Various culinery events to report. Excellent toad in the hole on Thursday. Just the right balance between crisp and soggy. Sausages not so great but that does not matter in this context. Method of construction unknown as down to BH. On Friday decided it was time to try the small fish van which lives outside the baker on that day. Turned the pound and a half of haddock into a sort of fish soup - aka chowder although the method was not much like any chowder in the Boston cook book which has plenty. Lightly poach fish in water. Remove, flake and set aside. Boil potatoes in fish water, topped up a bit. Fry some onions in butter. Five minutes to the off add slivered white cabbage to the potatoes. Then the onions, then the fish. Four litres left enough to have a bowl for breakfast and the only e-number was the salt in the fish. (Odd that fish doesn't taste salty considering the amount of salt that it lives in). Yesterday was the first outing for lentil soup since Christmas Eve. Now down to the last pound of red lentils in the larder. Must talk to the shopper. Poached smoked haddock from van man for breakfast. Good fat peice which did not go soggy round the edges: haddock is supposed to be firm. Not bad at all.

All seven posts now sunk, and the childhood rule of two thirds up one third down has been maintained - which means holes of around 2 foot 6 deep. The first two have dried out a bit and are getting to be reasonably firm. Surprising how much the ground varies from hole to hole. The first two were sodden, the last five dry. The penultimate was stony - with flints, which I thought grew in chalk. Perhaps the thin overlay of clay (only a few feet think in places - chalk comes to the surface in places on the common, only a few hundred yards away) stirred the underlying chalk up a bit. Don't think the hole making contraptions I did not buy would have dealt with stones. One would have still needed the spade to fetch them out. And the clay varied a bit.
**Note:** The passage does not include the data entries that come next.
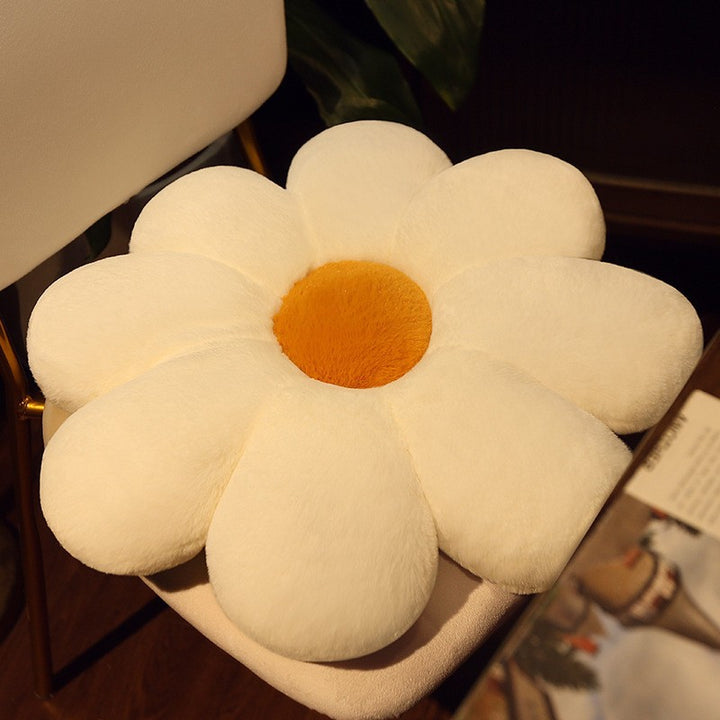 Plush seat cushion in flower shape Bowlift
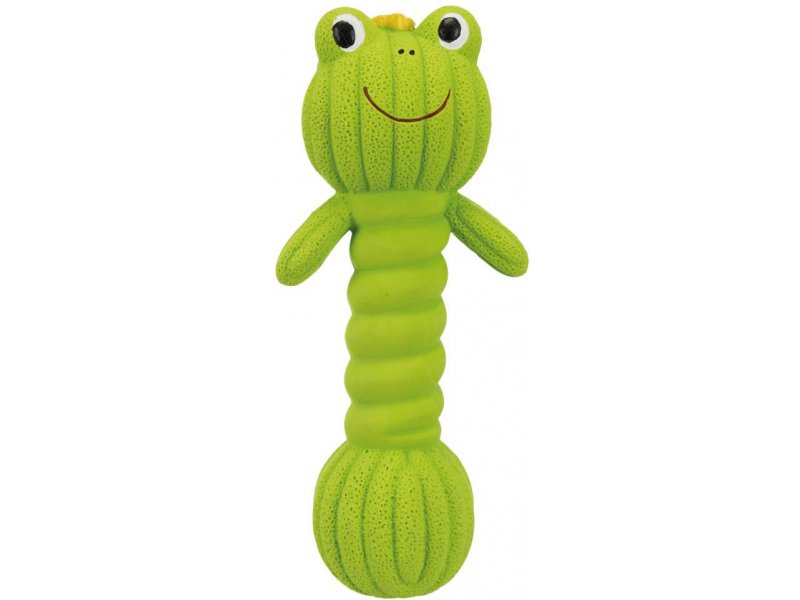 Šunų žaislas TRIXIE DUMBEBRELL FROG, cypiantis, 18 cm, žalios sp.-0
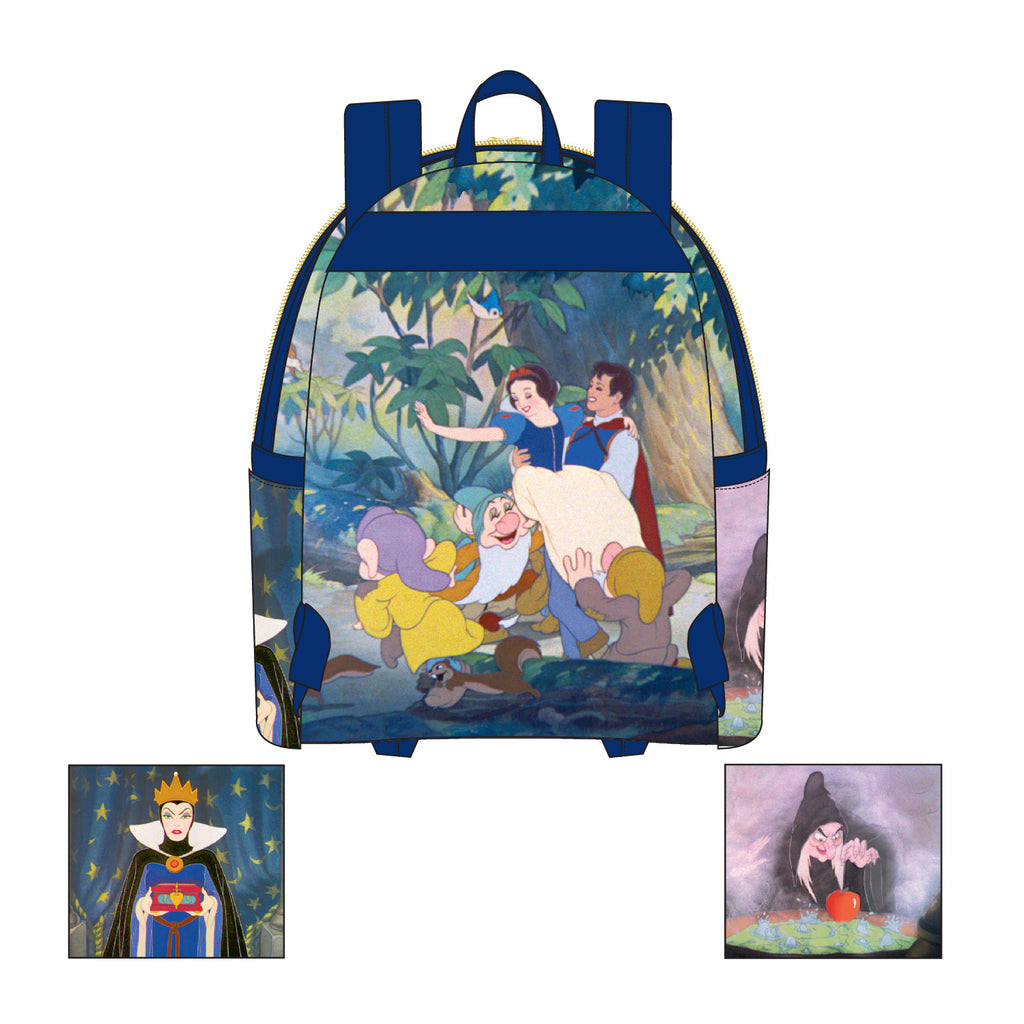 Snow White Scenes Mini Backpack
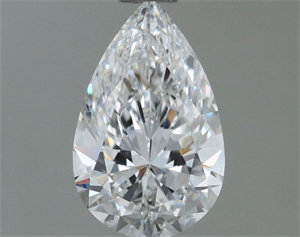 Foto Diamante Natural 0.62 quilates, De pera , Color F, claridad VVS1 y certificado GIA de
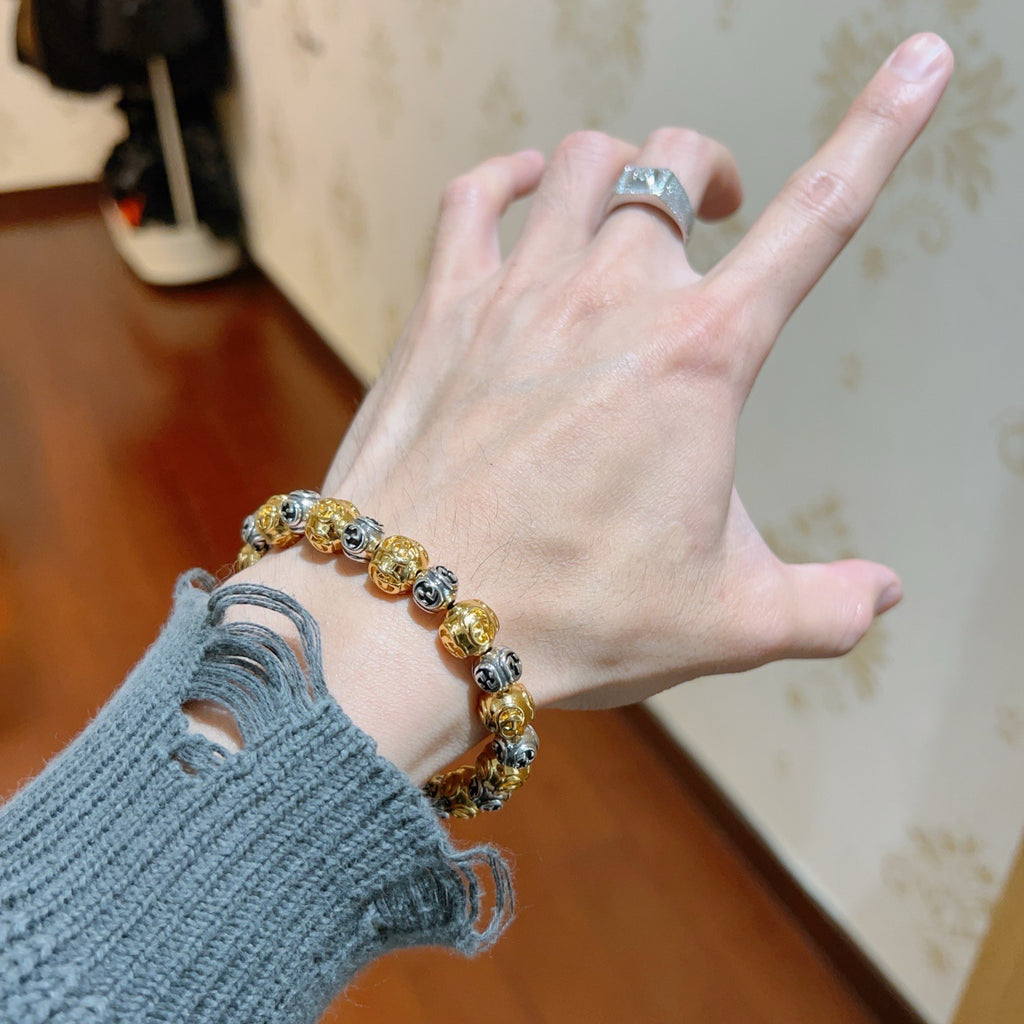 Gucci Anger Forest Interlocking G Antiqued Bracelet - album image 7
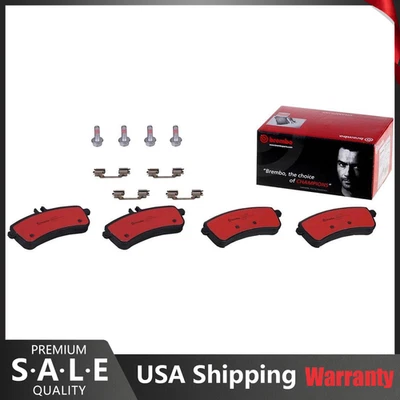 Conjunto de pastilhas de freio traseiras de cerâmica Brembo para Mercedes-Benz C190 R190 W222 C217 R231 - Imagem 1 de 4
There seemed to be a pale yellow sort and a grey sort, this last only occuring in patches.

And while this has been going on an allotment trusty told me that a common trusty had assured him that the deer can jump the six foot fence. So there really is not much to be done on that front. Private enterprise rules. The hope is that they will not jump into a small fruit enclosure because they might have trouble getting out again. We shall see.

There is always the barbed wire option - a strand running along the top. This is said to be a pretty good deterrent. But the stuff is a swine to handle and comes in 200 metre rolls which is far more than I shall ever want. And I might get sued for the possible damage I might do to two legged trespassers.

Door to the enclosure also under construction. Still pondering on how exactly to hang it - thinking slowly drifting towards perfectly ordinary hinges, having pondered long and hard about various contrivances with large size staples.

Opinion of Kevin Spacey is climbing. Didn't like him in Richard 2 but have now seen some films of his which I thought good - kpax, the shipping news and I think one other. A welcome change from the usual fodder available to those who scruple to bung Mr Murdoch a few more quid. Maybe we will go and see the well reviewed moon for the misbegotten or whatever it is called at the Old Vic after all.

Two puzzles to close. First, how can a gang called sterling cycles do mail order cycles for £40 pounds a go out of Southend. Apparently they have been doing it for a while. Presumably they come from China. What sort of a bike do you get? In any event a lot less than what I paid for mine. Second, how can a town where football is not a big deal pay such a huge amount for a footballer who is just going over his hill? How will they get their money back? What is in it for him apart from the money - which he can hardly need very badly - the football being pretty poor compared with what he has been used to. Maybe it is all down the the mutton dressed as lamb.